← Blog

Process automation

Customs reconciliation playbook: a four-eyes queue for AGS

19:00 on a Thursday in Roermond. Two declarations are stuck because somebody missed a dual-use classification, and the AGS endpoint already took them.

Jacob Molkenboer· Founder · A Brand New Company· 20 Nov 2025· 10 min
Two cream declaration forms with brass relays, a green wax seal, and a red-stamped card on a paper blotter.

It is 19:00 on a Thursday in Roermond. The team is heading home. Two customs declarations are stuck in the gateway because a broker missed a dual-use classification on a thermal imaging camera, and the AGS-submit endpoint has already taken the filing. The compliance lead now has to recall the declaration before the consignment leaves Rotterdam at 04:00. The recall costs a few hours and a small mountain of paperwork. The fix that would have prevented it is twelve lines of Python and one extra database row.

This is the playbook for that fix, written after we shipped it for a 31-person logistics-tech vendor whose brokers file around 5,400 douane-aangiften a week through a thirteen-year-old Descartes e-Customs gateway, with a homegrown PostgreSQL pakbon-ledger on the side. The agent we built reconciles the two systems on every change, parks anything that smells like dual-use, and refuses to call the AGS-submit endpoint until two human pairs of eyes have signed off. The shape of the playbook generalises. The detail does not, and that is where the work lives.

The shape of the work

Most customs back-offices look the same from a distance. A gateway that talks to the national customs system (in the Netherlands that is AGS, with DMS coming online for a growing slice of traffic).
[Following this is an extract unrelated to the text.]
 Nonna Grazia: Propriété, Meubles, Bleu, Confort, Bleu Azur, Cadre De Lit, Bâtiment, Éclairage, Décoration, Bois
A packing-list or pakbon ledger that the warehouse owns. A couple of brokers who keep both in sync by hand. Mismatches happen all day. A pakbon gets re-cut after a partial shipment. A broker amends an HS code. The gateway returns a corrected MRN. None of that is unusual.

What kills you is the small fraction (less than one percent, in this client's case) of declarations that touch goods on the EU dual-use list. Under Regulation (EU) 2021/821, those need an export licence, a check against end-use, and a written record of who approved the filing. Miss one and you do not get a fine and a slap. You get a knock on the door from the Centrale Dienst voor In- en Uitvoer, and your AEO status starts to wobble.
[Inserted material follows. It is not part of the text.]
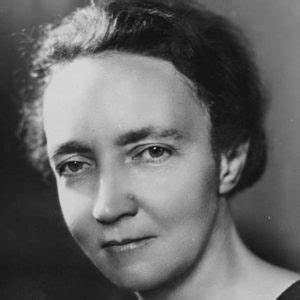 Elle a aussi été une des trois premières femmes membre d'un gouvernement français, en devenant sous-secrétaire d'État à la Recherche scientifique, sous le Front populaire en 1936 je suis...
So the agent we built has two jobs. Reconcile fast. Refuse to submit until a human has confirmed the dual-use call.

The two systems

The Descartes side is a SOAP gateway from 2013. It accepts EDI-style XML, returns MRN numbers, and emits status events on a queue. It is not pleasant to talk to. It is also stable, has not changed schema in eight years, and the brokers have built habits around its exact failure modes. We did not replace it. We wrapped it.
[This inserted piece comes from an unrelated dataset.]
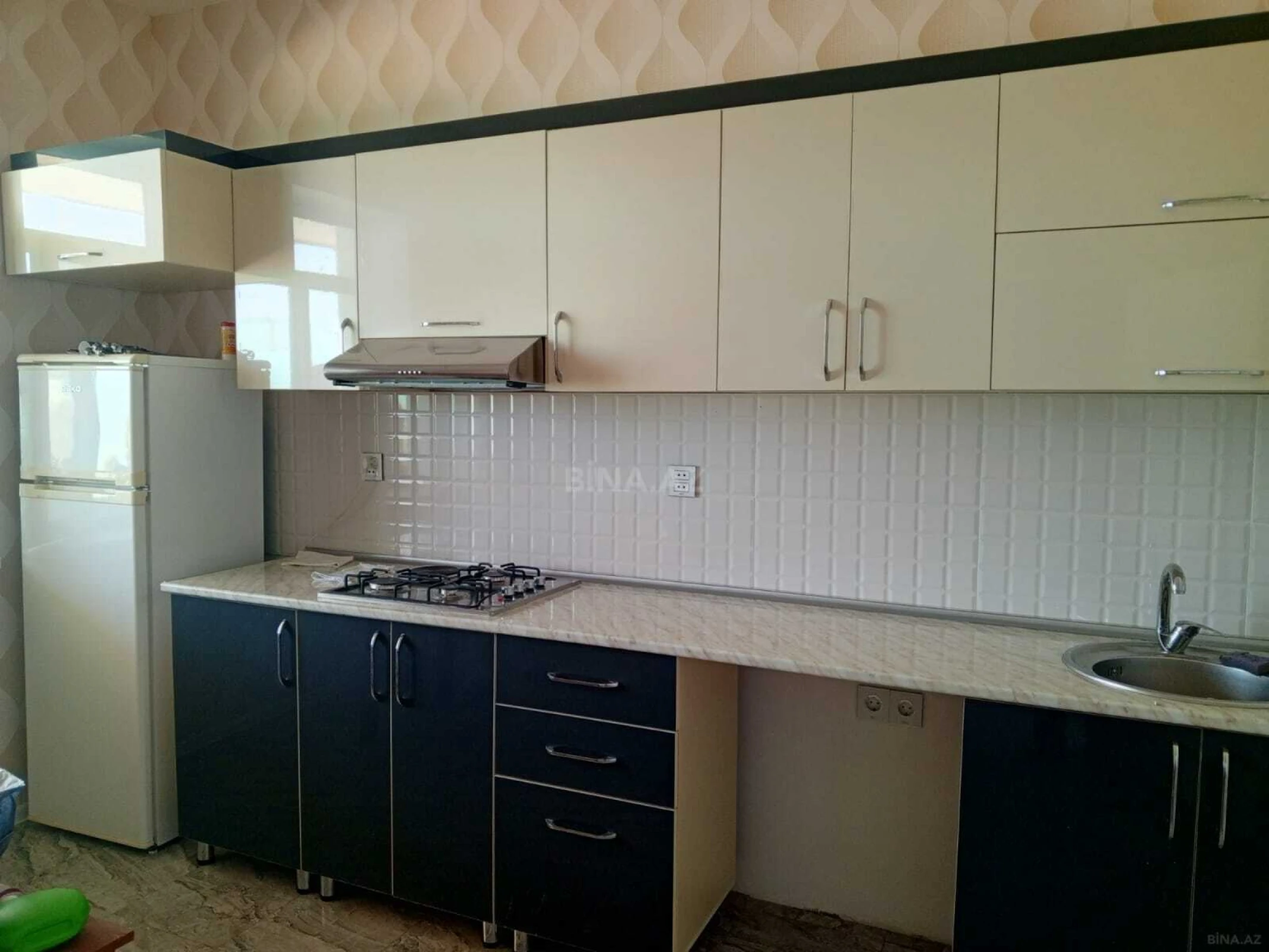 Satılır 3 otaqlı həyət evi 100 m²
The pakbon side is a PostgreSQL database the warehouse team grew over a decade. Eighty-three tables, no foreign keys on the hot path, and a habit of rewriting zending_id rows in place when a shipment is split. The warehouse owns that database. We do not get to refactor it. We get to read from it and write to a thin events table next to it.

Between them sits a Python service. Three components: a reconciler, a queue, and a submitter. The reconciler runs on a five-minute tick. The queue is a Postgres table. The submitter is a worker pool that talks to Descartes one declaration at a time.

The reconciliation contract

Reconciliation is a five-minute loop. For every zending that has changed in the last window (we use a last_touched_at trigger that the warehouse already had), the agent pulls the corresponding declaration from Descartes, compares the canonical fields, and either marks the pair clean or files a discrepancy.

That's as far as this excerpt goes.